Don’t be fooled by the fact he’s leaving PSG and their almost bottomless coffers. The rest of his career has been spent with one eye on the purse strings, from the summer of 2010 when David Villa and David Silva left his Valencia team (Los Che made a €50 million net profit on transfer fees between seasons, but Emery still guided them to another third-placed finish) to his years of planning and plotting in league with Monchi at Sevilla, constantly rebuilding his squad.
The list of players he has helped to develop is impressive. Juan Mata, Jordi Alba, Ivan Rakitic and Vitolo are among those who made huge strides from good to great under Emery’s guidance. He even got Éver Banega on the straight and narrow, coaxing career-best form out of a midfielder long since assumed to have let his talent slip through his fingers.
That was part of the problem in Paris, as those skills weren’t so needed, with a culture of success, dressing room power and a way of doing things already established at Camp des Loges.

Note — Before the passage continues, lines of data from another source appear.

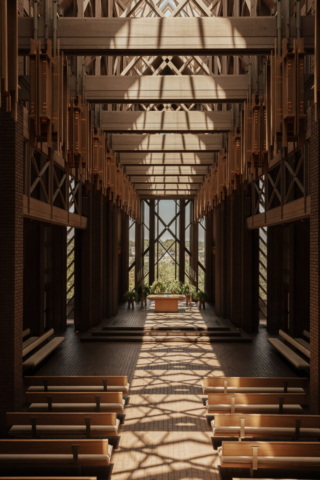 fort-worth-elopement-chapel A young bride and groom at Marty Leonard Chapel on their intimate wedding day in Fort Worth, Texas.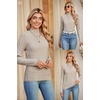 image:imageArachampCloz Womens Fall Ribbed Wool Blend Sweater Mock Neck Casual Outfits Long Sleeve Fitted Tops Trendy 2024Apricot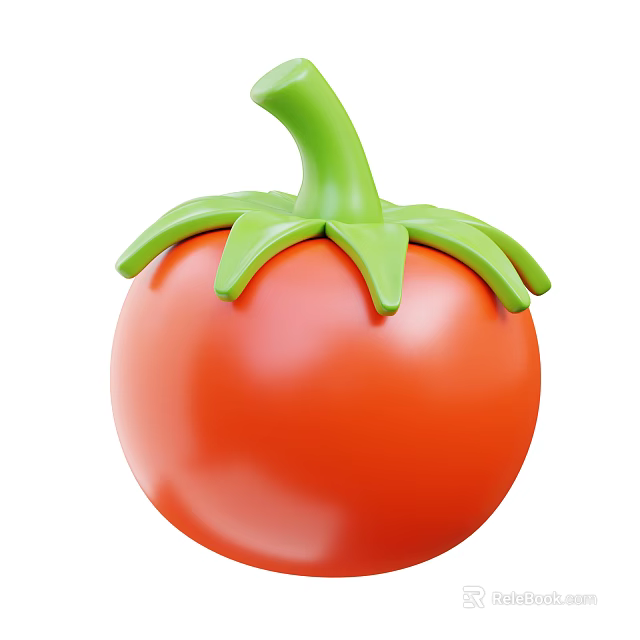 Fresh Ripe Red Tomato Vegetable With Green Stem And Leaves 3d model 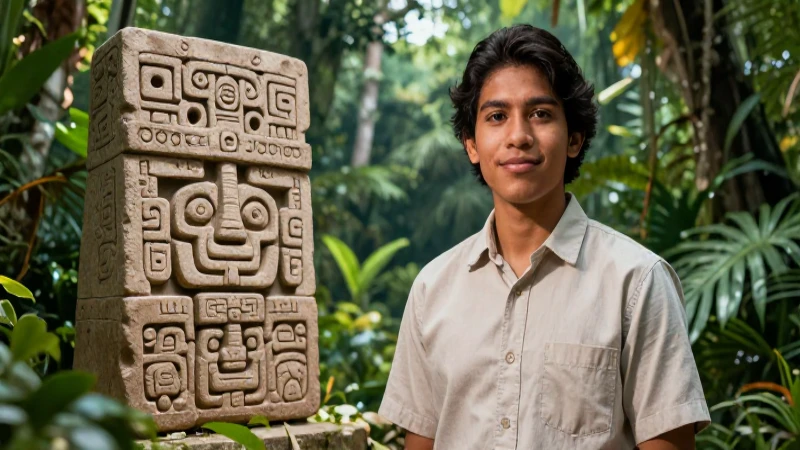 Tz'utujil: Cultura, Historia y Lengua de los Mayas 3 Joven estudioso maya y glifo mesoamericano en la selva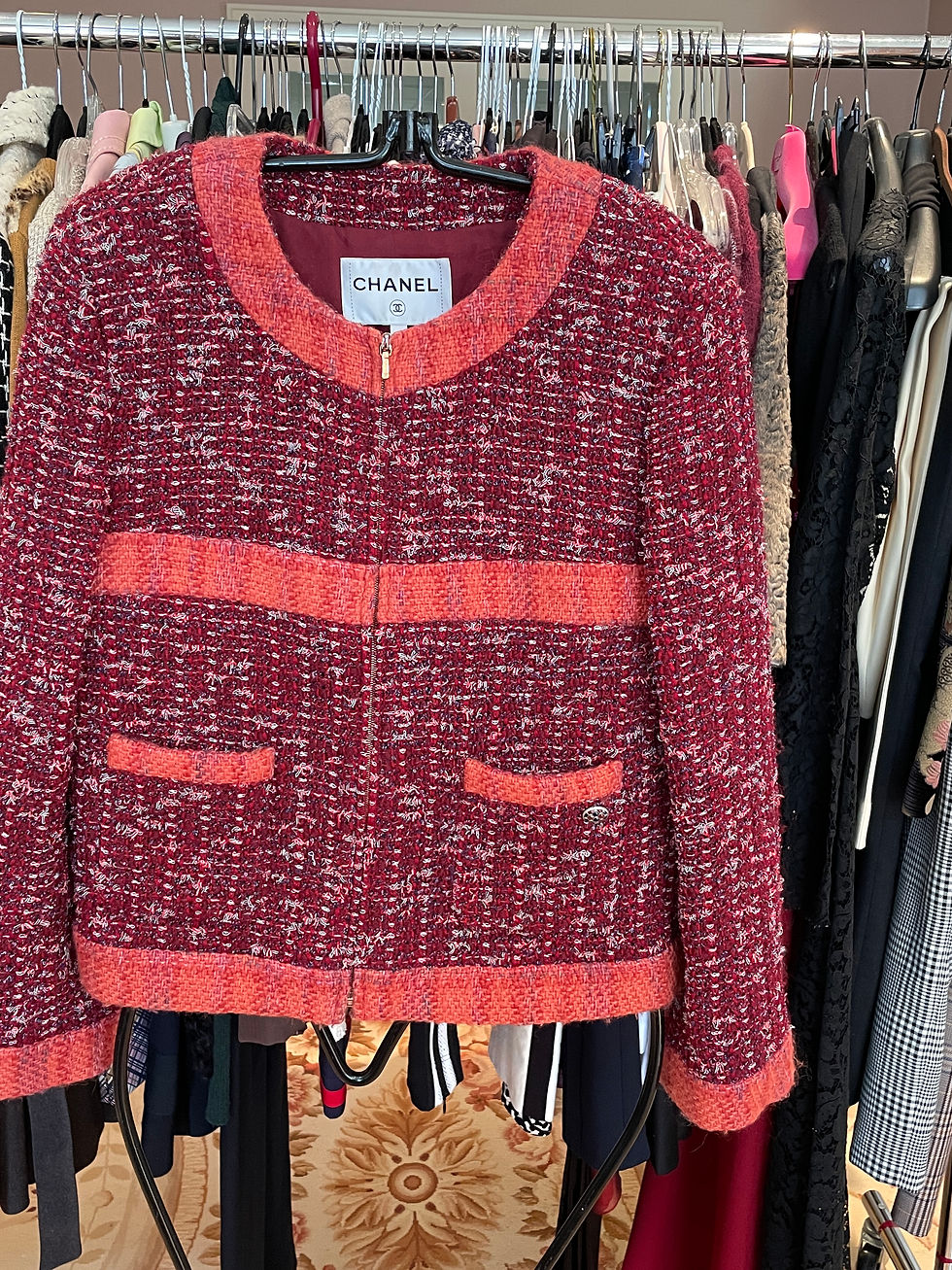 Thumbnail: Lot 1 - Chanel Tweed Jacket - Burgundy Tones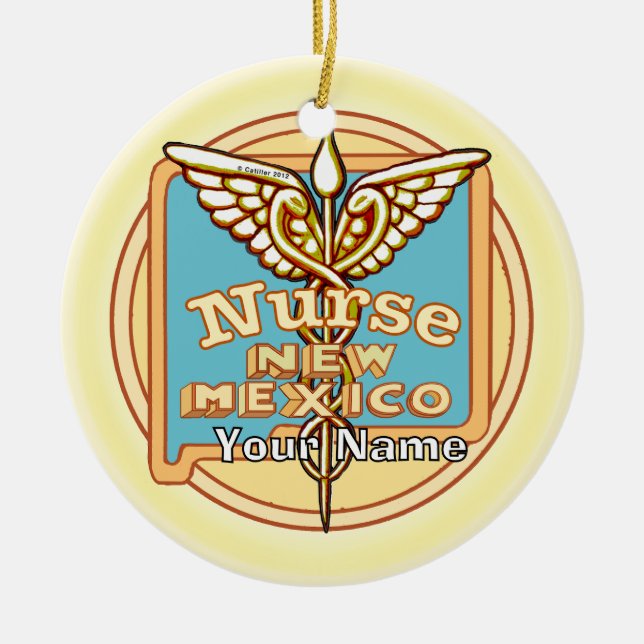 New Mexico Nurse Caduceus  Ceramic Ornament (Front)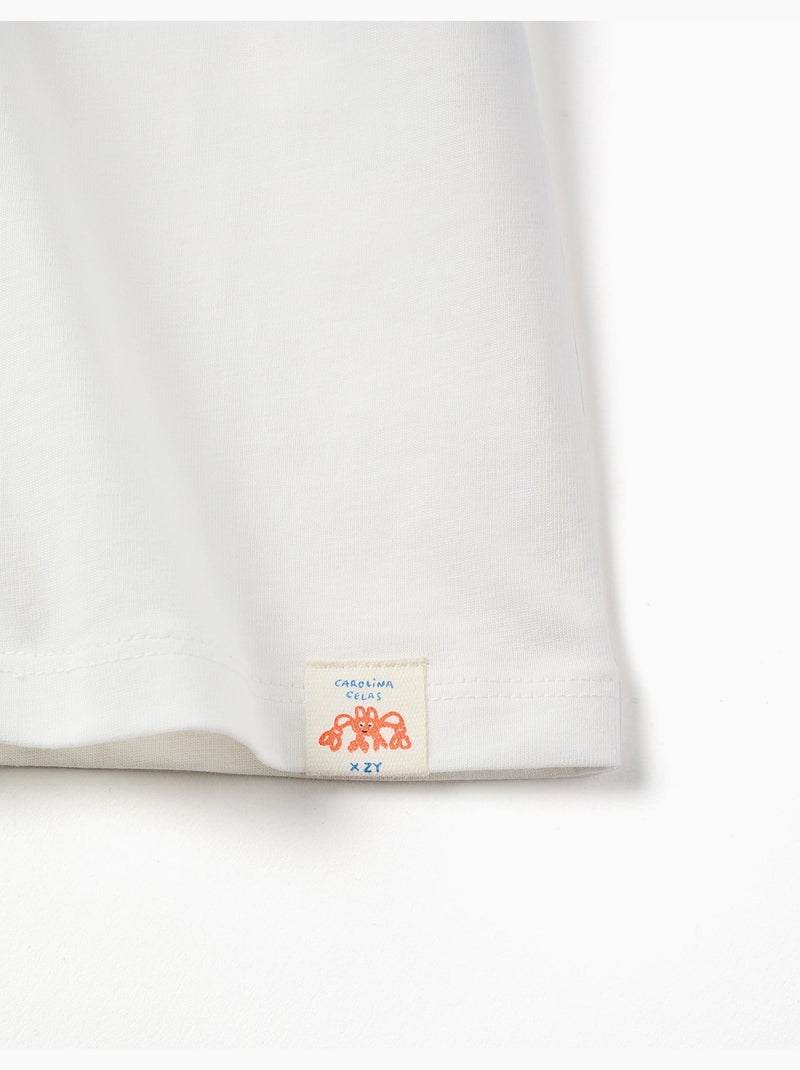 Camiseta de algodón con estampado Carolina Celas x Zippy Blanco - Kiabi
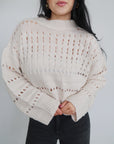 CREAM KNIT DETAILED SWEATER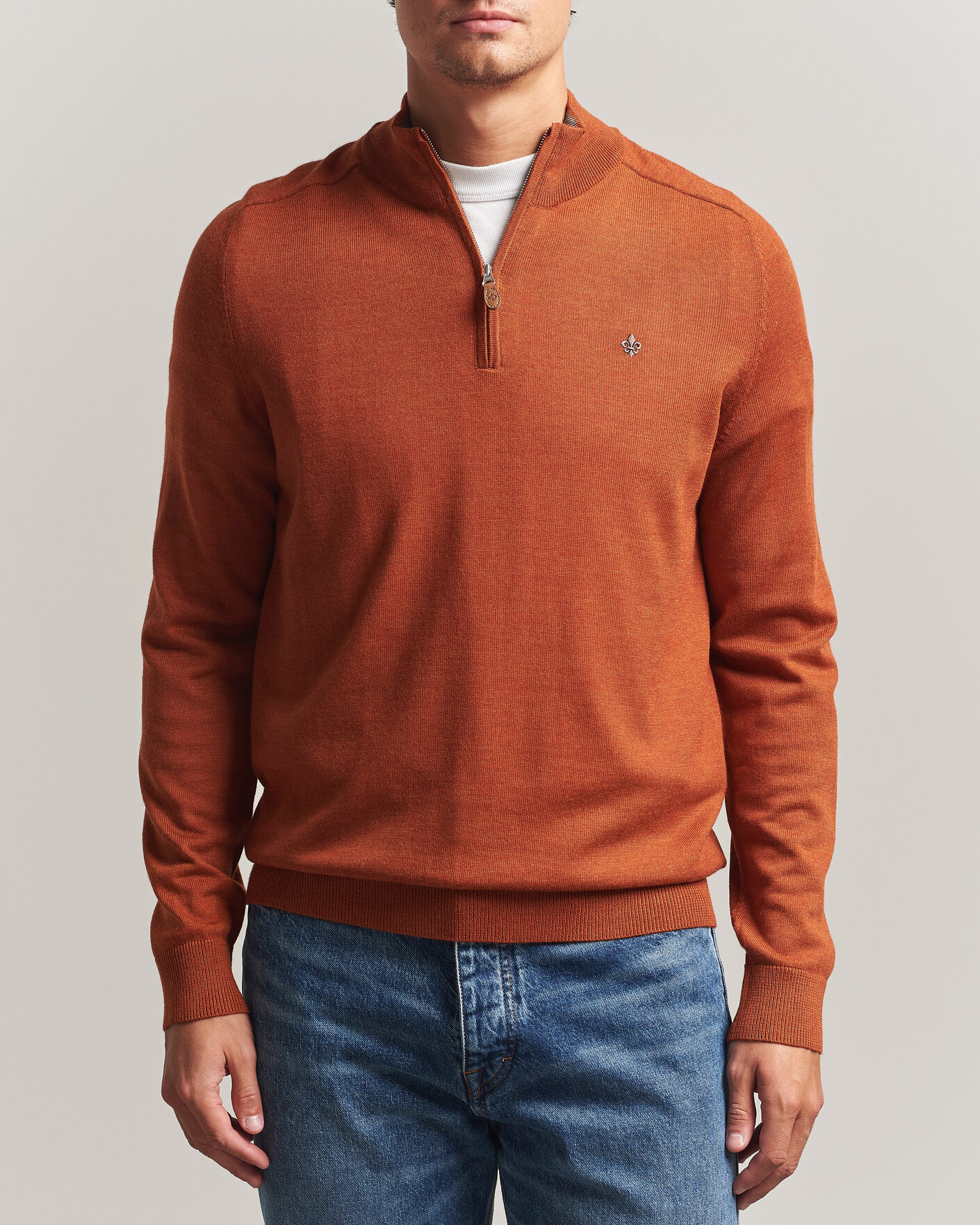 Herre | Gensere | Morris | John Merino Half Zip Orange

Popular legend may decree that his problems in Paris were about dealing with egos – and specifically the clash over penalty-taking duty between Neymar and Edinson Cavani, who he invited to “sort it out between themselves” – but convincing a group of serial winners to embrace a less possession-led, more reactive game was the unsurmountable challenge.
If there’s going to be a culture shock for Arsenal, Emery’s preferred playing style will be at the heart of it. His predilection for a 4-2-3-1 shape is not an alien one but his teams tend to be reactive. Fan frustration grew at Valencia over the years, despite a trio of top three finishes, with his team’s inability to take the risks needed to go further. At Sevilla, his recipe led the side to a record-breaking three straight Europa League titles, but at the expense of a talented squad being largely inert in La Liga.
The upside is that counter-attack has been at the heart of the Premier League over the last few seasons, so Emery should have little problem fitting in – and playing on the break should get the best out of players like Pierre-Emerick Aubameyang and Henrikh Mkhitaryan. When players adhere to his plan, the results can be excellent.
Emery’s tenure in Paris will always be associated with the humiliating Champions League capitulation in Barcelona in March 2017, the remontada in which PSG fell to pieces in a 6-1 defeat to persistent, rather than stellar opposition. What’s often forgotten (understandably, given the context) in that sorry episode is just how good PSG were in their 4-0 first leg victory over the Catalan giants. It was their best performance in Europe for decades. Those are the standards to which Arsenal can aspire.
Clearly getting through to Arsenal’s best players will govern the success or failure of his time in north London. He has a reputation for struggling to hold some players’ attention with his regimented approach, and Neymar complained to management about his film seances, but he had the respect of Kylian Mbappé, and played a significant part in persuading the teenager to return to the French capital rather than joining Real Madrid.
Long-term, maybe Emery isn’t Mr Right for Arsenal, but he could be Mr Right Now. Little more can be asked at this point as they step into the unknown post-Wenger.